■ Exercise goal: Write down the listing again exactly as it appears below, without its pictures.

═══ Dataset section

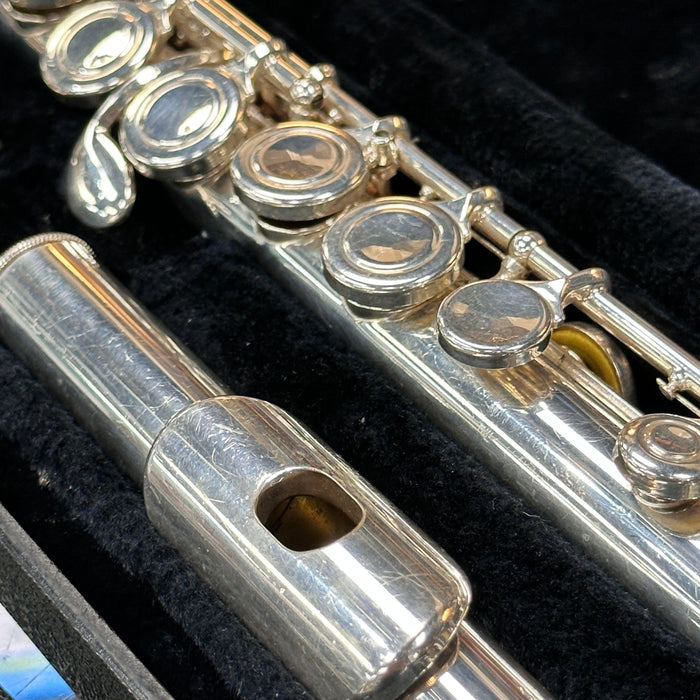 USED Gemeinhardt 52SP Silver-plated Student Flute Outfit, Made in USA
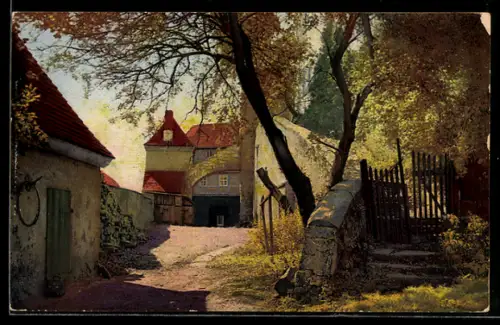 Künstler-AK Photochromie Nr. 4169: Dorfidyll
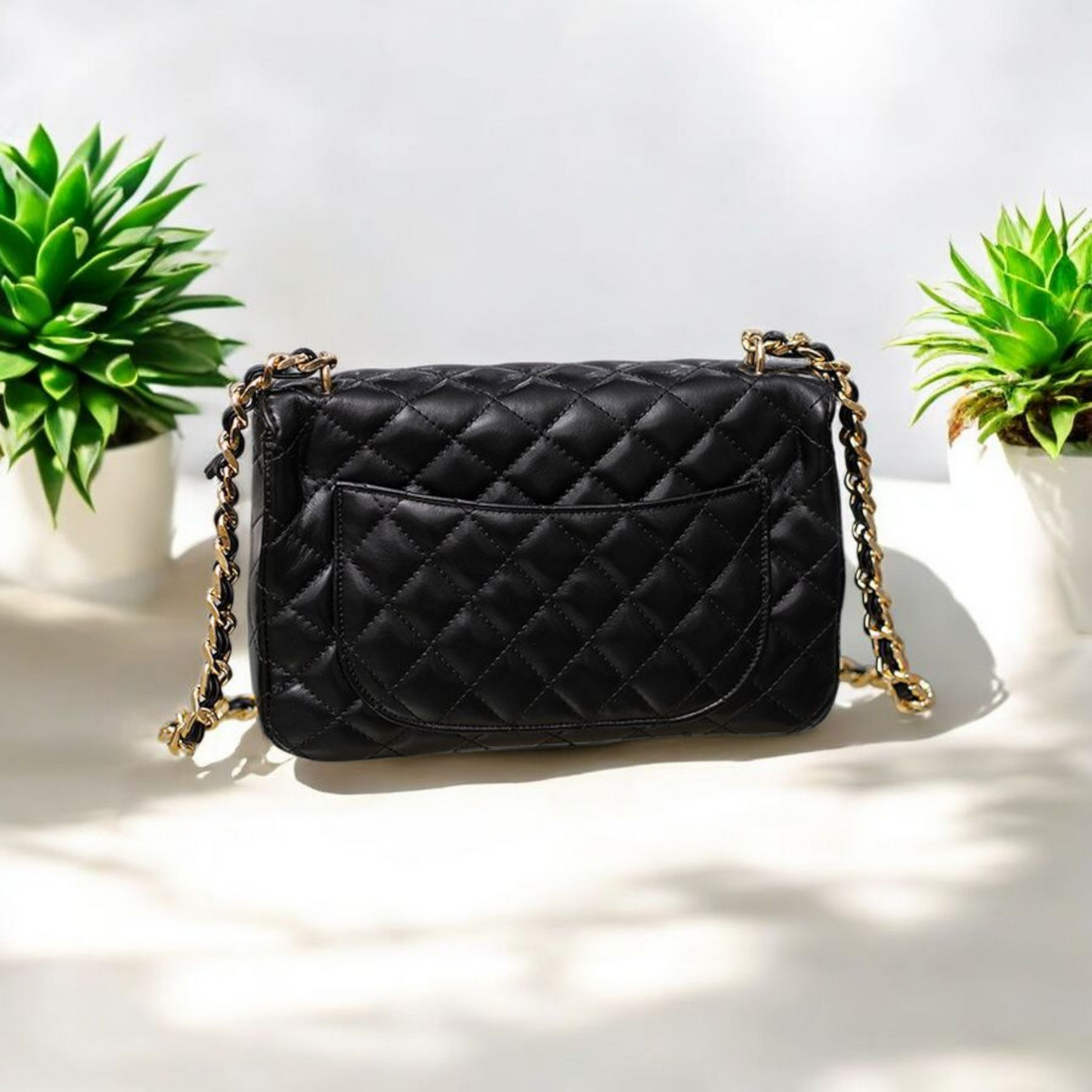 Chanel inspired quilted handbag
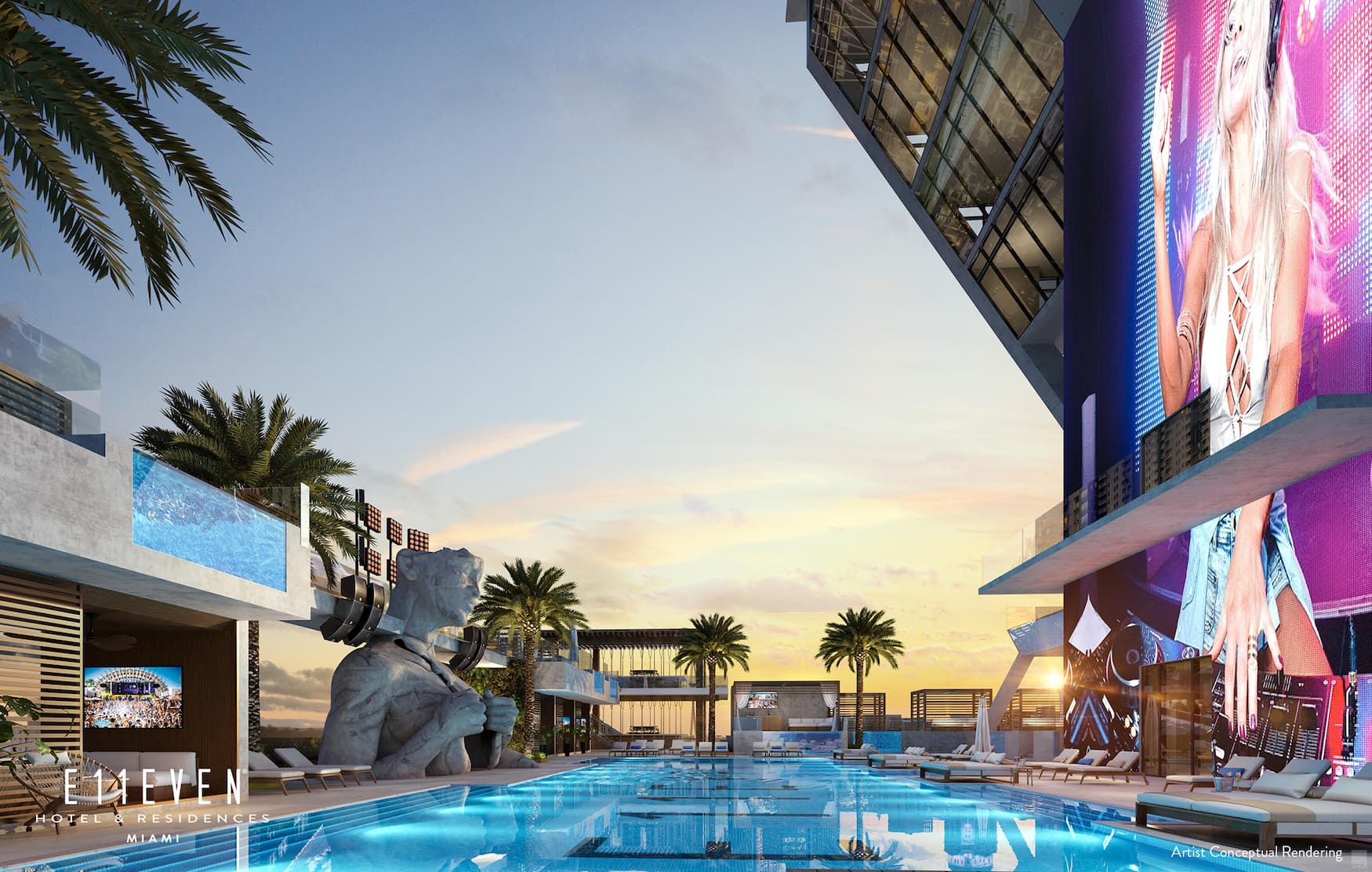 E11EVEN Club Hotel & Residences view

══════

■ Expected output:
 USED Gemeinhardt 52SP Silver-plated Student Flute Outfit, Made in USA
 Künstler-AK Photochromie Nr. 4169: Dorfidyll
 Chanel inspired quilted handbag
 E11EVEN Club Hotel & Residences view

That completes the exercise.